Here’s day 2 of my experiment in learning to become a writer. I’ve got an hour and a half now to write something, and it just doesn’t feel like enough time. I am operating on the assumption that learning to work within these restraints will be good for me. My problem is that my particular brain doesn’t seem to be designed to work within such restraints. It tends to make a million connections between things, and I have a very hard time knowing when to stop making those connections.
So it doesn’t really help that I just finished listening to James Burke’s delightful new speech called “Admiral Shovel and the Toilet Roll.” If you’ve watched Burke’s previous PBS series called “Connections” and “The Day the Universe Changed“, you’ll recognize my problem in Burke. Burke specializes in drawing seemingly endless lines of connections between things. In this particular speech, he manages to draw connections between Mozart’s music and the invention of the helicopter, and the crash of a fleet of ships off the coast of France in the 16th century and the invention of the toilet roll.

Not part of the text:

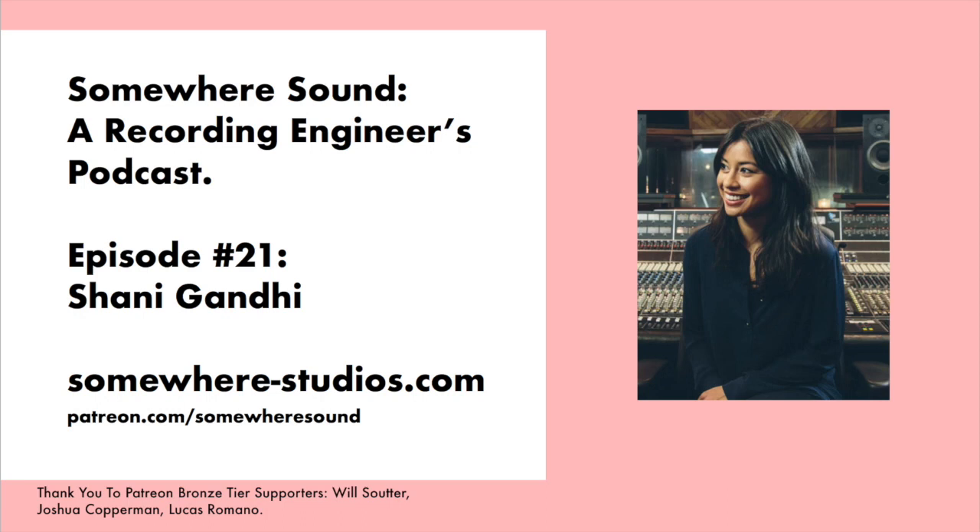Hi Sharni. Hello, how's it going? Good thanks, how are you? Good. I thought a good way to talk about some of your techniques would be to talk about different instruments and your approaches to them in terms of recording and mixing, mic techniques and that sort of thing. Maybe if we start with the drums — what are some of your favourite mics, mic techniques, mixing techniques? Do you want mics or mixing? Let's start with mics.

But Burke does manage to pull all these seemingly random connections together under a common theme to make a point, which is this: the industrial revolution began with a recipe from Descartes about how to break things down into their component parts to study them. These disciplinary silos are what brought us the incredible detailed knowledge of the world we humans now possess. However, Burke argues, these silos have become so specialized and detailed that most major innovation now comes in “the unexplored no-man’s land between the disciplines.”
If I wanted to follow a conventional path to a writing career, I would probably try to plant myself firmly within one of these disciplinary silos, and grow within it. After all, within these silos live the corporations who have the money to pay you for your skills. For instance, I probably have enough connections and respect within the baseball writing industry to get a foot in the door there. I have the technical skills to immerse myself in baseball statistics. But I resist, because that’s not where I feel like my particular brand of brainpower would be best suited.
I am aiming for that no-man’s land Burke speaks of. I have a lot of interests: from baseball to computer science, from neuroscience to politics, from poetry to business, from religion to aesthetics. In between these things, that’s where the most exciting stuff remains to be discovered.